Seven states have addressed the problem by passing legislation requiring wipe products to be clearly labeled as non-flushable. And last June, Congress passed the Wastewater Infrastructure Pollution Prevention and Environments Safety Act, or WIPPES Act. The measure, co-sponsored by retiring Alaska Democratic Rep. Mary Peltola, would “require certain products to be labeled ‘Do Not Flush’” and establish penalties for violations. The bill was sent to the Senate, where it remained in the Committee on Commerce, Science and Transportation.
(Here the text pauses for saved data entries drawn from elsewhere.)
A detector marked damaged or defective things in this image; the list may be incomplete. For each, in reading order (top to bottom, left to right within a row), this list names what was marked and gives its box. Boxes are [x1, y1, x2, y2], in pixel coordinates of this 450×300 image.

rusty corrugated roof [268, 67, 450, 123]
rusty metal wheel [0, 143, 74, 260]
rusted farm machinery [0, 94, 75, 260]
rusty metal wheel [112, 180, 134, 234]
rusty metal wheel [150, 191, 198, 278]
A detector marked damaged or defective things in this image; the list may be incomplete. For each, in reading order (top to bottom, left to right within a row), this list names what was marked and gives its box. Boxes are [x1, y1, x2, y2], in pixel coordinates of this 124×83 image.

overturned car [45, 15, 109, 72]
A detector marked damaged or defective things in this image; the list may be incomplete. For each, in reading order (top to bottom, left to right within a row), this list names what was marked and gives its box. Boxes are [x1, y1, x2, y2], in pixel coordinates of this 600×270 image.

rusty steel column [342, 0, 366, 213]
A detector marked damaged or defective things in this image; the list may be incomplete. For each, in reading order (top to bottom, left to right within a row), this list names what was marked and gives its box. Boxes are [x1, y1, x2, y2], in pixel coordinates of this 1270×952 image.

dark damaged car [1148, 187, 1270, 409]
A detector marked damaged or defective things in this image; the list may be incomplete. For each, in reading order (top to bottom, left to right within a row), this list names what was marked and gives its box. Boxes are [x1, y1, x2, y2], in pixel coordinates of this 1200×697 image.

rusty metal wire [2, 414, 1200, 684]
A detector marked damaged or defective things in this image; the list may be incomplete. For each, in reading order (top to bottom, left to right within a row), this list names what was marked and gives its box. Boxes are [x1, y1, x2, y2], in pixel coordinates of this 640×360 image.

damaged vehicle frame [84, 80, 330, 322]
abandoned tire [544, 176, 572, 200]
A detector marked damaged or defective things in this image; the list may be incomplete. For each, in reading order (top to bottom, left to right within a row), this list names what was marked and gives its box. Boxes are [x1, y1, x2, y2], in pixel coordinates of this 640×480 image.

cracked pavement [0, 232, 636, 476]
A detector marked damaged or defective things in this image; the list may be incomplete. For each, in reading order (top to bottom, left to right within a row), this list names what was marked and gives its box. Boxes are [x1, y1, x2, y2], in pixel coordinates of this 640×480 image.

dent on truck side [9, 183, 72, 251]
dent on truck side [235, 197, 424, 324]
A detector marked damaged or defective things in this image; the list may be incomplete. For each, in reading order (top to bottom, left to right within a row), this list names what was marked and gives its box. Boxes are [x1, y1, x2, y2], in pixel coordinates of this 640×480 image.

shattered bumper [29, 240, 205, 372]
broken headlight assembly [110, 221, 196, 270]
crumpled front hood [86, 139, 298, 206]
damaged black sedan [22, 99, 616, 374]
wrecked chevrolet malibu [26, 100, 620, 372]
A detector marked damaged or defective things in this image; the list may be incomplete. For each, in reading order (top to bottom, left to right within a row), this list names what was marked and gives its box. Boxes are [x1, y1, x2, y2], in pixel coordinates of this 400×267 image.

If passed, the law could ultimately change customers’ understanding and purchasing habits about “flushable wipes,” Baker said, but it won’t be a silver bullet to the water industry’s problems. It can also be difficult to get people to give up habits they’ve had for years, without ever considering the toll this takes on public infrastructure.

Baker and Schmitz both said educating the public is the factor that will ultimately make the biggest difference. In its public publications and social media posts, AWWU regularly advocates for people not to dispose of them in pipes and septic tanks, including in a 12-minute video Baker shared about the utility’s treatment plants.

“They’re wreaking havoc on the system,” Baker says at one point. “Please don’t flush wipes even if they say ‘flushable.’ Just throw them away.”